Third-party partners are the weakest link for companies trying to do business in high-risk countries like Brazil, Guatemala, Honduras and El Salvador as the Biden administration makes enforcement under the Federal Corrupt Practices Act (FCPA) a cornerstone of its national security posture, a compliance specialist says.
Companies can go a long way to instilling within their structure visibility and culture to operate with integrity in countries where corruption is widespread; the challenge is to keep your company from getting dragged into FCPA compliance problems by your association with a party you’ve hired to help you do business there.
“It's not easy to have visibility into what your partner is doing outside your purview,” Robert Johnston, an attorney with Lowenstein Sandler, told Legal Dive. “It could be a local lawyer, consultant, tax consultant, PR firm, someone you hired to get your products through the port, someone you hired to expedite a permit being issued – any third party you’ve engaged in a local market to help you get things done.”
Partner problems
Some 90% of FCPA violations involve third-party partners, according to Stanford University data. That makes vetting partners upfront and checking on them periodically afterwards the best way to avoid compliance problems.
“You might want to do a corporate intelligence report,” Johnston said. “Ask for ownership charts, and make sure none of the owners are government officials or related to a government official. Are you hiring a PR firm because [the principal is] a brother of a powerful senator or because they’re the best one?”
You also want to include adequate representations and warranties in your partner contracts.
“They [must] agree they’re going to abide by the law and they will notify you as often as annually they’ve been compliant with the law – haven’t bribed anyone,” he said. “You can conduct periodic audits and due diligence to make sure what they’re saying to you appears to be true.”
High-profile efforts
Recent initiatives have uncovered the challenges of operating in Brazil and what’s known as the Northern Triangle – an area encompassing Honduras, El Salvador and Guatemala in Central America – because of corruption that in some cases extends to the highest reaches of government.
“Corruption has always been a problem in the region but it’s now impossible to deny it given these massive scandals that have been uncovered,” said Johnston.
About half a dozen years ago, the Brazilian government conducted a review known as the Car Wash Investigation that uncovered criminal practices in the country by hundreds of business and government leaders, including former heads of state.

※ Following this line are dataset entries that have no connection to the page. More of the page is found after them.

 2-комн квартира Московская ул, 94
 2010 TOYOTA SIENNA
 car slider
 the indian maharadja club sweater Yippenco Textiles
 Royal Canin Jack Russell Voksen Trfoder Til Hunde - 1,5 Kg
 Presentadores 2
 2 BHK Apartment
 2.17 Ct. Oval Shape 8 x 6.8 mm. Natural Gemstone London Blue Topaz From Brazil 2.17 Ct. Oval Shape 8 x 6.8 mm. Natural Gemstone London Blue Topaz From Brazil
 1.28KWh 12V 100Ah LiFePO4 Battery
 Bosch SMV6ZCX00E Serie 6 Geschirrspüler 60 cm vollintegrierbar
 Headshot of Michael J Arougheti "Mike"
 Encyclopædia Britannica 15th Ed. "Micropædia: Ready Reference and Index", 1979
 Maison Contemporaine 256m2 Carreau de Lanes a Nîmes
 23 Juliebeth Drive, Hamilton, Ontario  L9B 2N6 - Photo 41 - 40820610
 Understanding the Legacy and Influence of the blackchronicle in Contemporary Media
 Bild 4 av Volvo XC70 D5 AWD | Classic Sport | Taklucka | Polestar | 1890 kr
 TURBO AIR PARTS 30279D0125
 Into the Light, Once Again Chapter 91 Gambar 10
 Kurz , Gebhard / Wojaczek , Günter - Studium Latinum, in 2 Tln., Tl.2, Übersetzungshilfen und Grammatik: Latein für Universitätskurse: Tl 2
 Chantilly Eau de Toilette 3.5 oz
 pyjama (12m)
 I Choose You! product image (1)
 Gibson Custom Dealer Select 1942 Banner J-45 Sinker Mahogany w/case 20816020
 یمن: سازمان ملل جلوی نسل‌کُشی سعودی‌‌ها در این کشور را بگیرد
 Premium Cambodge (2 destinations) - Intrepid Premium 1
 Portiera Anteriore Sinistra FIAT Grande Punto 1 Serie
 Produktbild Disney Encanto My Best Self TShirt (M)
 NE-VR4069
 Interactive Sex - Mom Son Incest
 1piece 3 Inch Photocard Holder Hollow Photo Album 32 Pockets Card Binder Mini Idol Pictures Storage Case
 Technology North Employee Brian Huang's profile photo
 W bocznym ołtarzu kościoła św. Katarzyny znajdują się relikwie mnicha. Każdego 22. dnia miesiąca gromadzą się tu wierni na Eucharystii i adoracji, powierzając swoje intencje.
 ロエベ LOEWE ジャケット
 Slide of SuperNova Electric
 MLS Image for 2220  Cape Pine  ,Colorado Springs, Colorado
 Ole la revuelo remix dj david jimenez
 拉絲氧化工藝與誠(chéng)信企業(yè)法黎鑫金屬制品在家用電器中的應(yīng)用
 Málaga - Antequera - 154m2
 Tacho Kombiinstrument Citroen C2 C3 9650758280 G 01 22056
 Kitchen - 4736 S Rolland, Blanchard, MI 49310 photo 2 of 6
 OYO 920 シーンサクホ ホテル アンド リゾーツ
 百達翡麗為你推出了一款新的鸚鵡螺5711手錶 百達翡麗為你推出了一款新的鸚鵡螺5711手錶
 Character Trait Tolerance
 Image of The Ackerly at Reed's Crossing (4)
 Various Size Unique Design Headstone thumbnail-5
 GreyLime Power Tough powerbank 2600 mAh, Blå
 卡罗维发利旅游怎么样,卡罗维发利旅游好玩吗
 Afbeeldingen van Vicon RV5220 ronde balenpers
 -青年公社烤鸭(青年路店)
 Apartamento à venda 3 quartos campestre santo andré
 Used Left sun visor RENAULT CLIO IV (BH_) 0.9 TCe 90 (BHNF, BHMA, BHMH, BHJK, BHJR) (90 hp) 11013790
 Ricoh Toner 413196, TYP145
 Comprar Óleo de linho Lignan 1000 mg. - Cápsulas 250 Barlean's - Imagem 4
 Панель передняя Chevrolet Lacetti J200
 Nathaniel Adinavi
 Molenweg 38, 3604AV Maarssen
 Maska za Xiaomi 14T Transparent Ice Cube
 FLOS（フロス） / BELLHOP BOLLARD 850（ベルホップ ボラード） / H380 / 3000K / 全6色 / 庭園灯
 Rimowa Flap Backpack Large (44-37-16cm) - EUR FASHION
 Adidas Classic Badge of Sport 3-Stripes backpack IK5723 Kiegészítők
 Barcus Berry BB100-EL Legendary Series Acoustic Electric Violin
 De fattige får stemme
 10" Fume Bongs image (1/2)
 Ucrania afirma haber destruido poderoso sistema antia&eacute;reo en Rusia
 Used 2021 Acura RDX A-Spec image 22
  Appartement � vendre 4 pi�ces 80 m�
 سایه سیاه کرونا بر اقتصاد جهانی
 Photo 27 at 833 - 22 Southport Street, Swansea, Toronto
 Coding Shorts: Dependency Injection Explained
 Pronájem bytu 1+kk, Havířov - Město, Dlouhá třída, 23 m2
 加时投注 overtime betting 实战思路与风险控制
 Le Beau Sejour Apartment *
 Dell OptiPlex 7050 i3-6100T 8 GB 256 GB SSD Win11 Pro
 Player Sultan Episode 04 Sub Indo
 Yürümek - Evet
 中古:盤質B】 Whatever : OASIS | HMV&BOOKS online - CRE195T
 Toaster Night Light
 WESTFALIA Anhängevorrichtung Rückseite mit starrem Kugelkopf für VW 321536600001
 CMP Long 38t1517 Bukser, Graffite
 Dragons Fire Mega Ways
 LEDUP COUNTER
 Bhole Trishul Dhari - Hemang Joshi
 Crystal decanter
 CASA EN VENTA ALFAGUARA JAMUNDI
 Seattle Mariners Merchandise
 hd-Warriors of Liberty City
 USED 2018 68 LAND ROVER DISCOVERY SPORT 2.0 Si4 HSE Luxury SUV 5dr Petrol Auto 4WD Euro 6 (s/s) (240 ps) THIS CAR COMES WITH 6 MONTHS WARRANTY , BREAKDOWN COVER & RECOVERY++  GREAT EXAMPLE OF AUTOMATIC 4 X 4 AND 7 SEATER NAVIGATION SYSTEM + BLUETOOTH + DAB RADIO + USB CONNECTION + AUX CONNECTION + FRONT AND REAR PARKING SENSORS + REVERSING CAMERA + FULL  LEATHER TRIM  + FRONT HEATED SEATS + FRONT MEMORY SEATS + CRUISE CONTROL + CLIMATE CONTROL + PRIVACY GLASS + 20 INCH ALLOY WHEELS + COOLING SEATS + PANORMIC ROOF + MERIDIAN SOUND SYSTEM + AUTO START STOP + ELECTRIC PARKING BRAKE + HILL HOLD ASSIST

And early in the Biden administration the government on national security grounds launched a task force to measure the pervasiveness of corruption in the Northern Triangle.
As a result of the initiatives, more companies than has typically been the case can expect to get snagged in FCPA enforcement activities, Johnston said.
“In general, FCPA cases are pretty slow moving,” he said. “A lot of cases take several years to resolve, so we’ll probably see in the relatively near future companies disclosing in 10-Ks and 10-Qs that they are investigating misconduct in those countries.”
Good-faith efforts
Companies can go a long way to reduce their liability by engaging in what Johnston calls proactive compliance – setting up controls that are appropriately scoped, and resourced, to the risks as they move into a country, either through an acquisition or a venture.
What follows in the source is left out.